Dayton Power & Light, whose residential customers would pay the second highest monthly surcharge for "stranded costs," was the second highest utility contributor, with contributions of $181,078. While the list of candidates receiving utility contributions is long, utilities strategically contributed the largest sums where they expect to be able to get the best results. Electric utilities donated $32,876 to the Ohio House Public Utilities Committee. FirstEnergy was the top utility contributor to the Ohio House Public Utilities Committee in 1997-1998, contributing $12,720 to the committee members overall. Electric utilities donated $23,850 to the Ohio House Republican Campaign Committee and $6,300 to the Ohio House Democratic Caucus Fund.

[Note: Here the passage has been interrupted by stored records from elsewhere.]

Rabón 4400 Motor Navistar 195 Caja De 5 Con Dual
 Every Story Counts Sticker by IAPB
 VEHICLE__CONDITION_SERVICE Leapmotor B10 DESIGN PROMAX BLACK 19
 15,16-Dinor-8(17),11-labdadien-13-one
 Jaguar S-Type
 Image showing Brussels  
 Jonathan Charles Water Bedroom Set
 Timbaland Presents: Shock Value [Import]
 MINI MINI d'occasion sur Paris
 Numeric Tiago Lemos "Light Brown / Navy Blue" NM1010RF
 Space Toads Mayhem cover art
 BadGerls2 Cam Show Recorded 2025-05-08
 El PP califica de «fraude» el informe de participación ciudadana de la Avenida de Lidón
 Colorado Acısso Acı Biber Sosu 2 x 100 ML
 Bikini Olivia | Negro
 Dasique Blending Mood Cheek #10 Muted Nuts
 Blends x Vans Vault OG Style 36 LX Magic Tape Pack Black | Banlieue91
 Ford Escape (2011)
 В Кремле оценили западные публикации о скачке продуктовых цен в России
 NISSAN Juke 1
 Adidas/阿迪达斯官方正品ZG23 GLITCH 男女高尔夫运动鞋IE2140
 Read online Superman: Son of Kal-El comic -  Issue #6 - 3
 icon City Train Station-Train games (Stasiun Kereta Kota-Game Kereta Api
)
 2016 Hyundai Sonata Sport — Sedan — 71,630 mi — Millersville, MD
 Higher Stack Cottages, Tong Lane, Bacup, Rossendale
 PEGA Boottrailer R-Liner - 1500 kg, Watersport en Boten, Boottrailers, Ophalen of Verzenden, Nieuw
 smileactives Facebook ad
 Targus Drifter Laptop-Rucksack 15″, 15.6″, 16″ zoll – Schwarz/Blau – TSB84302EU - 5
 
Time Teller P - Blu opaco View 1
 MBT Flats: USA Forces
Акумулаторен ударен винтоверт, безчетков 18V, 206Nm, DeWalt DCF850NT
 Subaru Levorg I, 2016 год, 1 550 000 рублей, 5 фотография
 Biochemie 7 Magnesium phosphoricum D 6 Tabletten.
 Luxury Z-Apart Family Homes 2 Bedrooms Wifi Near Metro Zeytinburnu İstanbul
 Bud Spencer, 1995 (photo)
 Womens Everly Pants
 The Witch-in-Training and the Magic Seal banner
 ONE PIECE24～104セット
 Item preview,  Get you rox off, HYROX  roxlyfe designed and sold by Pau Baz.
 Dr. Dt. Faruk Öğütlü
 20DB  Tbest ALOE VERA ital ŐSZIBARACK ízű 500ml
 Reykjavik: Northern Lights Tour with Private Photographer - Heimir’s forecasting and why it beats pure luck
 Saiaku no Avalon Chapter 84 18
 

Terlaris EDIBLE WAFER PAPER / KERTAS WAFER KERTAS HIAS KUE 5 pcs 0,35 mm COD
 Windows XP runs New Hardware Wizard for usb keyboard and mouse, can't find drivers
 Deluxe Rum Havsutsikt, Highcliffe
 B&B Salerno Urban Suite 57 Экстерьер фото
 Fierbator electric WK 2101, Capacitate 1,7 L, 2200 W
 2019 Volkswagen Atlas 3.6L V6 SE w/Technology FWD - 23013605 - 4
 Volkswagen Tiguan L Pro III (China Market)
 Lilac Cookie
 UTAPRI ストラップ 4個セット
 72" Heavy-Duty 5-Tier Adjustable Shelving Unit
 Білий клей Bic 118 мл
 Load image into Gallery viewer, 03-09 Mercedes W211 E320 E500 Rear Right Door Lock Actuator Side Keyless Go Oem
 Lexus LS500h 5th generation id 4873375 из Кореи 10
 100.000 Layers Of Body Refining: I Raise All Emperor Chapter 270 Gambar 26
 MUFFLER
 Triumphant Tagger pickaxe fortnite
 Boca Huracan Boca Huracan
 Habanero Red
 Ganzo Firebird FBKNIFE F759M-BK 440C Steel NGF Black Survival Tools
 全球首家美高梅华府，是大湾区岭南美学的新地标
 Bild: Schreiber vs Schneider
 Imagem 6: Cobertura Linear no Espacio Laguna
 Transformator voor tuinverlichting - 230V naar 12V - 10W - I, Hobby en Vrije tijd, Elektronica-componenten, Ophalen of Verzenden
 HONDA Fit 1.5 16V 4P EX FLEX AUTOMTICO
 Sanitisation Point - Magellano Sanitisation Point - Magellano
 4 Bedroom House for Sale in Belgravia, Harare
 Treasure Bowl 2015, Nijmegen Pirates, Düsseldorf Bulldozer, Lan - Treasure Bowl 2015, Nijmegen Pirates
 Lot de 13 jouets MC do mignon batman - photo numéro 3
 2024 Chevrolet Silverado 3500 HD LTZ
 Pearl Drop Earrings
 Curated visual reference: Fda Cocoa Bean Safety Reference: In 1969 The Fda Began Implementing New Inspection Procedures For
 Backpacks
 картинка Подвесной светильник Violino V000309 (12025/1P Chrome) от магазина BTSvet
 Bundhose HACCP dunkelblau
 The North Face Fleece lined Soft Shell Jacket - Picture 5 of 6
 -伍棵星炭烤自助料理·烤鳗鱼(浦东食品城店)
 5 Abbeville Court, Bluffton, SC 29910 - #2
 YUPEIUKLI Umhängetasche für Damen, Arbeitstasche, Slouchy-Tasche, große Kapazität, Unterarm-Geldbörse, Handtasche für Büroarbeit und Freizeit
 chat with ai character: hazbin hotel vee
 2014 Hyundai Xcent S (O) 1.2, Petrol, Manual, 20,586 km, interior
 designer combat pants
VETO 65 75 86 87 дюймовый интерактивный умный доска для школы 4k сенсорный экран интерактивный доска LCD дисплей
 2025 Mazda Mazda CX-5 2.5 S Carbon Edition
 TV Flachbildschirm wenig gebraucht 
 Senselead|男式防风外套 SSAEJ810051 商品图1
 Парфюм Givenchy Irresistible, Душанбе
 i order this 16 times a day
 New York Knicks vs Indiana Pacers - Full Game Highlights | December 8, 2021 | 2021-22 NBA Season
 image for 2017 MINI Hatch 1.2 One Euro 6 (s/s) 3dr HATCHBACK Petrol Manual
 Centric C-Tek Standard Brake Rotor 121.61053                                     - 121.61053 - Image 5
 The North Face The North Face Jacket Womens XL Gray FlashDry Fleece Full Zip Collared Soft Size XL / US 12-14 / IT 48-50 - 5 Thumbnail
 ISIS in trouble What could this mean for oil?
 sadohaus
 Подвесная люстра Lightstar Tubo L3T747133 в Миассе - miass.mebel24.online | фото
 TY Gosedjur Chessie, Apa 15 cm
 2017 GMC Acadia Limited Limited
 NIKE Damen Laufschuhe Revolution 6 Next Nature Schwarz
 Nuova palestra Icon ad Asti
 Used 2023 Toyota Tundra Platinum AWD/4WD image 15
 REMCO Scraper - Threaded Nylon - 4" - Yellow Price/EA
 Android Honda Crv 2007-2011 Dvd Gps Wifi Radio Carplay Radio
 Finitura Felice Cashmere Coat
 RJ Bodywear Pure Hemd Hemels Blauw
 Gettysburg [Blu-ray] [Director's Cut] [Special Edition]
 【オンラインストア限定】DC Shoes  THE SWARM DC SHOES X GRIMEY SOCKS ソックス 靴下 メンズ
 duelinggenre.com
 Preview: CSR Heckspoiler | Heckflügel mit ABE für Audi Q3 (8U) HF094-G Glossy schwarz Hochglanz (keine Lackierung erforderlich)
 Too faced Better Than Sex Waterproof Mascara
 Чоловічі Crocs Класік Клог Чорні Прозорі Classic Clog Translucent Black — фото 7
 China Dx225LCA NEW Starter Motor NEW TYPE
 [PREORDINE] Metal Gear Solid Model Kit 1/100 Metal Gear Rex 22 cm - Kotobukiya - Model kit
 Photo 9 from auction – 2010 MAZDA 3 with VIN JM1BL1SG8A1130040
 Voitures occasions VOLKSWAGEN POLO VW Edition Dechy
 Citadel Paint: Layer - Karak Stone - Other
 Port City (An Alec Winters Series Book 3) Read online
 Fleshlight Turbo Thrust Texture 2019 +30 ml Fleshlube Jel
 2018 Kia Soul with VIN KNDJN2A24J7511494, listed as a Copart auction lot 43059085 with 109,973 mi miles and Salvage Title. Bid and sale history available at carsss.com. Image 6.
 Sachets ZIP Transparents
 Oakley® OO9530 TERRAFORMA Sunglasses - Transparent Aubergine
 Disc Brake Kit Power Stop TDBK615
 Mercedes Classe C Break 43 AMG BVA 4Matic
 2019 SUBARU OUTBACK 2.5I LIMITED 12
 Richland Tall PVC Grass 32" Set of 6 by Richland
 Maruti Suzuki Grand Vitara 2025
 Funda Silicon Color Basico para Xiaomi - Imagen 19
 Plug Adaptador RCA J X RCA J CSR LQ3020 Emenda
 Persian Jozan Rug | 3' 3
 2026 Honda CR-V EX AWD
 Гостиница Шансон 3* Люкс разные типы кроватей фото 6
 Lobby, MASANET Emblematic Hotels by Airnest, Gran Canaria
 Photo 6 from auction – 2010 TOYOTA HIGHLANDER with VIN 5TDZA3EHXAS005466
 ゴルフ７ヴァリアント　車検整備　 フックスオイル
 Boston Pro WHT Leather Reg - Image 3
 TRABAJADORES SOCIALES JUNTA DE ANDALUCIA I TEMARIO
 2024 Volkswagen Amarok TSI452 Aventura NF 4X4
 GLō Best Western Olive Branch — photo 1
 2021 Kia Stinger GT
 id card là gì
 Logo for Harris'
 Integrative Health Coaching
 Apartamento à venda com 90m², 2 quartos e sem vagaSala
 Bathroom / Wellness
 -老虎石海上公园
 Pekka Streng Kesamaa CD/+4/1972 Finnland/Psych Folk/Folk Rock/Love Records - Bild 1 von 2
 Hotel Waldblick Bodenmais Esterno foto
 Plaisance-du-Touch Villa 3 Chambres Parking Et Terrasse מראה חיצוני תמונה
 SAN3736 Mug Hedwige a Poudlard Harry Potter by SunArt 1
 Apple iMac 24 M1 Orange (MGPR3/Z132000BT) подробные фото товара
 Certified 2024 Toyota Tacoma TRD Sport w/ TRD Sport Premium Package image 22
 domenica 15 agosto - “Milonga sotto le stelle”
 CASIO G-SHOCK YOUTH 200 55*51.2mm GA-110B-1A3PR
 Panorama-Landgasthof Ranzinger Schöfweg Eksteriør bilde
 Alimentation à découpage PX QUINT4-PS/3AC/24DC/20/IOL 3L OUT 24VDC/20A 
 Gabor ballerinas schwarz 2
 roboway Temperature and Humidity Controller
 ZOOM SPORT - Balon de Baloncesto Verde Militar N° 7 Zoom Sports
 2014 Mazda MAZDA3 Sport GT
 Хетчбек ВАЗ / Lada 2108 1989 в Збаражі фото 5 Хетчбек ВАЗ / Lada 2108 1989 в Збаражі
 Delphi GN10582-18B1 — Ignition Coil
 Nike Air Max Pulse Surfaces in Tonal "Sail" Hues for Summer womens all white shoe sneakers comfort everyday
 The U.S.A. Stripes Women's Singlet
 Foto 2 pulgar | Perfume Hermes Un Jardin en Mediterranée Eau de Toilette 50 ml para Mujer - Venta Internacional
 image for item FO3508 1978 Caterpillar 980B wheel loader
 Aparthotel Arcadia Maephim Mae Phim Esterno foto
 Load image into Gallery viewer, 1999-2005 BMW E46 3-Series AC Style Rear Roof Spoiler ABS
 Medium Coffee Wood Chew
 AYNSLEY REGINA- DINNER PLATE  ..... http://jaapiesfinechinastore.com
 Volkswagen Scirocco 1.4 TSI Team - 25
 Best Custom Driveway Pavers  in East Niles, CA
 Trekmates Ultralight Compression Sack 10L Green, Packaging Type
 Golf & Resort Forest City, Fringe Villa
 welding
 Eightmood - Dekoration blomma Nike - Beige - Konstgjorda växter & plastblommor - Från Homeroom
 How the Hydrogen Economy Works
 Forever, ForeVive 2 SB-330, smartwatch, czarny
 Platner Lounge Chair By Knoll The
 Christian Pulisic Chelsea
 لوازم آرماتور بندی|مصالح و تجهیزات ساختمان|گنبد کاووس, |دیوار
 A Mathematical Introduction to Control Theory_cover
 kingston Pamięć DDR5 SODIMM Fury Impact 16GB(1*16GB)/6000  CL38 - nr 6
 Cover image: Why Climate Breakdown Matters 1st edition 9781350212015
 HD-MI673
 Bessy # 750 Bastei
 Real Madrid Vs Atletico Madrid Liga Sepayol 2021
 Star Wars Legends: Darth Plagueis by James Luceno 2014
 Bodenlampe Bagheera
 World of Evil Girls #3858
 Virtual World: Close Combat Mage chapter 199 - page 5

Electric utilities donated $18,329 to the Ohio Senate Ways and Means Committee, which is scheduled to have the first major vote on the deregulation legislation this Spring. Electric utilities donated $3,700 to Senator Louis Blessing, chair of the committee, and $4,459 to the Ranking Minority Member Leigh Herington. FirstEnergy was the top utility contributor to the Ohio Senate Ways and Means Committee in 1997-1998, contributing $7,500 to the committee members overall. Electric utilities also donated $37,800 to the Ohio Republican Senate Campaign Committee and $5,200 to the Committee for a Democratic Majority.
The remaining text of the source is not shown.